Brian Pratt responded:  2018-03-10
Hi Blaine,

Thanks for the files. It certainly looks like we're failing to include that IMS data in the export, I'll look into that.

I've not personally worked in the mProphet code so I don't know what that entails - perhaps another Skyline developer can address that. It sounds like an interesting idea.

blaine roberts responded:  2018-03-10
Hi Brian,

I look forward to any updates. Please let me know if you require any data files that might assist you.

Can you discuss with the mProphet folks? As CCS is a physical parameter it may be quite useful to improve the accuracy of the model when IMS data is available.

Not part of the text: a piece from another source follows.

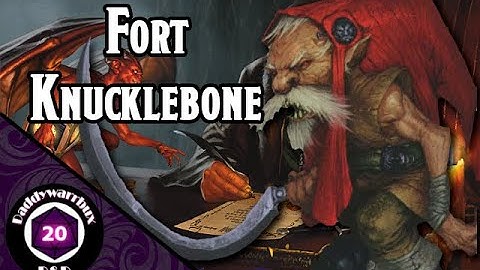 Descent into Avernus #17 | Fort Knucklebone | D&D 5E Dungeons and Dragons THE DILLY DALLYS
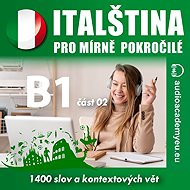 Italian for Intermediate B1 - Part 2 - Tomáš Dvořáček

Brendan MacLean responded:  2018-03-10
Hi Blaine,
I think maybe we talked about this in Australia (integrating IMS into mProphet). I'll keep it in mind, but don't hold your breath for this. I assume by CCS, you really mean some kind of error value in the ion-mobility dimension, similar to the mass error we have in the m/z dimension. I think we would probably do that in the units we display for that dimension, e.g. drift time (ms). The predicted value would come from the CCS value, and then like mass error (ppm), we would calculate the difference between the predicted value and the observed value. In m/z, we used weighted mean of the signal we extract across that dimension to give us a center of m/z. The other alternative is to use some form of peak detection to come up with a peak apex. And, of course, the two usually become the same when the spectra are centroided. I don't know of a vendor that currently has a centroiding option for IMS data. Though, we have asked.

So, that would be it, some kind of "Ion mobility error" score. If you can convince me you have a data set that would prove this improves the mProphet scores (e.g. 3-organism mix data, like the Navarro, Nature Biotech 2016 paper), then we might be interested in giving you a test version of Skyline with this enabled (using the weighted mean method for determining observed IM value).

I am not as optimistic as you seem to be, but maybe I am not understanding your thinking fully. So, I will stop there and let you tell me if I am heading off in the wrong direction, or if I correctly understand your intent.

Thanks for your willingness to share your data and ideas with us.